Official police reports obtained after Colin's death showed that he and his sister, Sable, had hiked into a prohibited area looking for a place to have an illegal swim, known as ‘hot potting’.
The pair ignored the many large warning signs posted in the area telling visitors to remain on the boardwalk.
Sable had videoed the pair of them purposefully stepping off the Norris Geyser Basin’s boardwalk to look for a perfect pool to have a relaxing dip in when he slipped and fell into azure blue water.
The report reads: “The smartphone recorded the moment he slipped and fell into the pool and her efforts to rescue him.”
As there was no phone signal there she ran to a nearby museum to raise the alarm, but when she returned with several park rangers, it was too late.
They saw portions of Colin’s head, upper torso and hands were visible in the hot spring.
The police document continues: “Due to the report of the individual not previously visible, a lack of movement, suspected extreme temperatures, and indications of several thermal burns, the subject was determined to be deceased.”
US park ranger Phil Strehle noted in a separate report that a V-neck T-style shirt was visible, and “what appeared to be a cross was visible and resting on the subject’s face”.
Adding to the tragedy of the situation, rescuers were unable to safely recover the man’s body due to the “volatile” thermal area they had wandered into, and an incoming lightning storm.

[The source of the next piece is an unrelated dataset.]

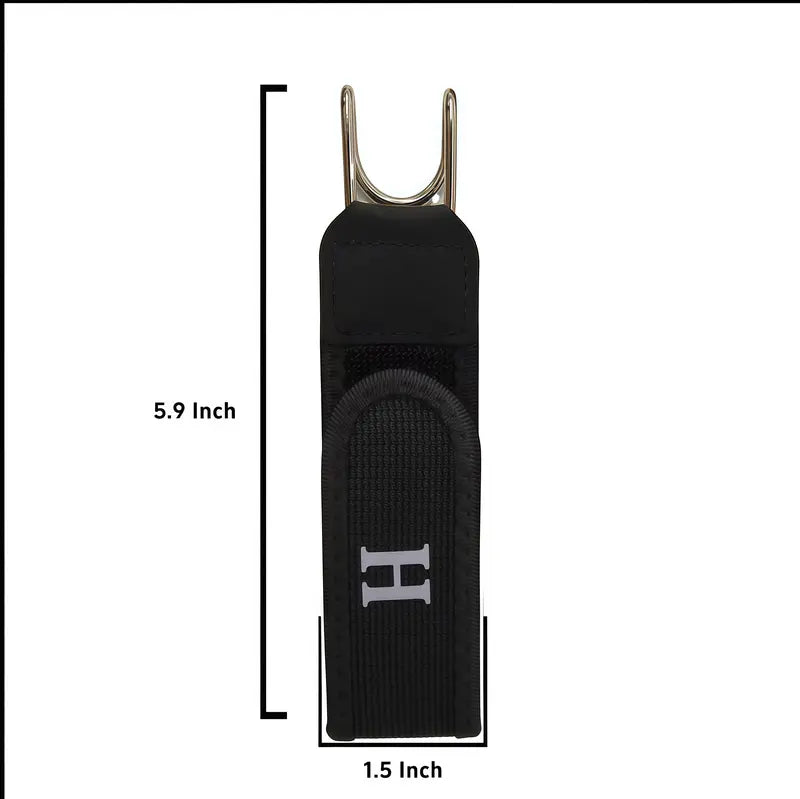 Tactical Metal Hook Elastic Belt (Unisex) No-Buckle Invisible Design | Soft Adjustable Side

Sadly, when they returned the next morning, Colin's body was no longer visible, although they did find a wallet and his flip-flops.
The report confirmed that they believed that Colin had been entirely dissolved overnight.
It read: “The consensus among the rescue/recovery team … was that the extreme heat of the hot spring, coupled with its acidic nature, dissolved the remains.”
Water temperatures at the basin typically reach 93C, but when rescuers came to retrieve Colin's body the pool was bubbling away at 100C – boiling point.
The videos recorded by Sable have never been released, but are kept on file by police.